Monitoring for stationarity is closely linked: sequential kernel-weighted variance-ratio tests provide online detection of transitions between I(1) (unit root) and I(0) (stationary) regimes. The tests are grounded in Brownian motion limit theory with tuning via kernel and bandwidth; Monte Carlo calibration provides thresholds for sequential decision-making (Steland, 2010).

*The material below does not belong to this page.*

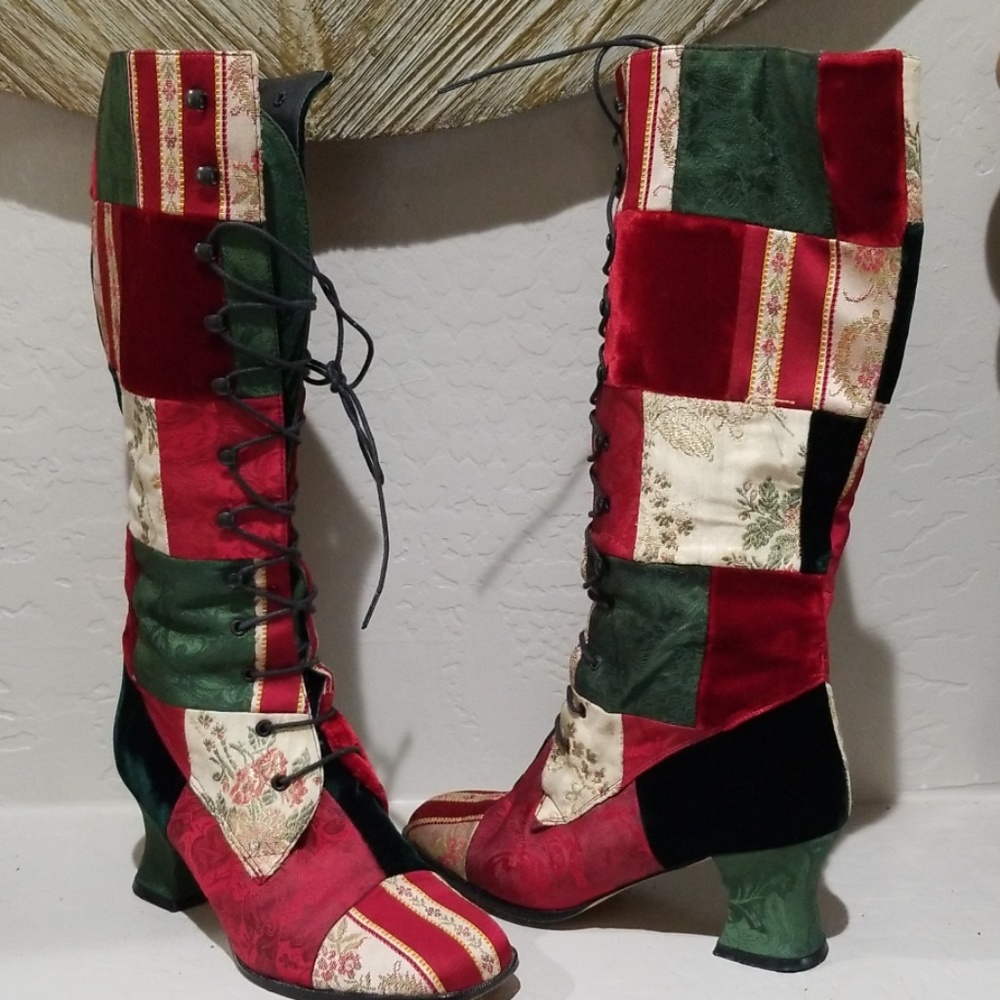Velvet boots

6. Applications and Impact in Modern Forecasting Architectures

State-of-the-art deep learning models for time series forecasting integrate series stationarization as a foundational module:

Transformers with series stationarization and de-stationarization achieve substantial reductions in forecast error (e.g., Non-stationary Transformer, MSE reduction of ~49%) (Liu et al., 2022).
Hierarchical variational models (HTV-Trans) couple window-based normalization with multi-scale latent variables that explicitly model non-stationarity and uncertainty, greatly improving long-range forecasting for multivariate series (Wang et al., 2024).
Multi-domain transport applications (NSATP) combine normalization with learnable scale/shift correction for robust arrival-time prediction (Li et al., 31 Aug 2025).
NILM (NILMFormer) uses window-wise z-scoring together with learnable statistic re-injection for non-intrusive load monitoring, outclassing prior deep models (Petralia et al., 6 Jun 2025).
CANet's NSAN introduces dynamic normalization with blended statistics and adaptive instance normalization, enabling high-parameter efficiency and superior accuracy, especially under strong non-stationarity (Sonmezer et al., 24 Apr 2025).

Empirical Summary Table

Method	Stationarization Type	Over-stationarization Mitigation	Reported Gains
Non-stationary Trans.	Window-based z-score	De-stationary Attention	MSE ↓49% vs Transformer
NILMFormer	Subsequence z-normalization	TokenStats + ProjStats	MAE ↓15%, MR ↑22%
NSATP	Window z-score, CNN/FFT/Swin	Compensation MLPs (scale/shift)	RMSE/MAE/MAPE ↓1–2.5%
CANet	AdaIN + dynamic blending	Style blending + AdaIN	MSE ↓42%, MAE ↓22%
HTV-Trans	Sliding window z-score	Probabilistic, hierarchical latents	MAE ↓10–15%

7. Limitations, Practical Considerations, and Outlook

While normalization-based stationarization is nearly universal in deep time series pipelines, several limitations and caveats remain:

Over-stationarization is a central concern; models must re-inject or preserve non-stationary patterns to avoid homogenized outputs (Liu et al., 2022, Sonmezer et al., 24 Apr 2025, Li et al., 31 Aug 2025).
Statistical tests such as the Augmented Dickey–Fuller (ADF) frequently show over-normalized model outputs are too stationary, missing real-world signal (Liu et al., 2022).
Parameter-free vs. parameterized transforms: Even without trainable affine parameters, stationarization can match the performance of learned normalization (e.g., RevIN) (Liu et al., 2022), but learnable compensation further improves results in many cases (Li et al., 31 Aug 2025, Petralia et al., 6 Jun 2025).
Bayesian and econometric stationarization: Requires careful prior scaling and efficient algorithms; the indirect mapping from unconstrained priors to the stationary region is nontrivial (Heaps, 2020).
Application context: The choice of stationarization approach (pure normalization, hybrid model, dynamic correction) should be aligned with the persistence and nature of non-stationarity inherent to the target domain.

A plausible implication is that future forecasting systems will need not just bulk pre-processing but dynamically adaptive and context-aware stationarization modules, tightly coupled with both data representation and prediction objectives. The balance between predictability (through stationarity) and sensitivity to real-world variations will remain a driving concern in time series modeling.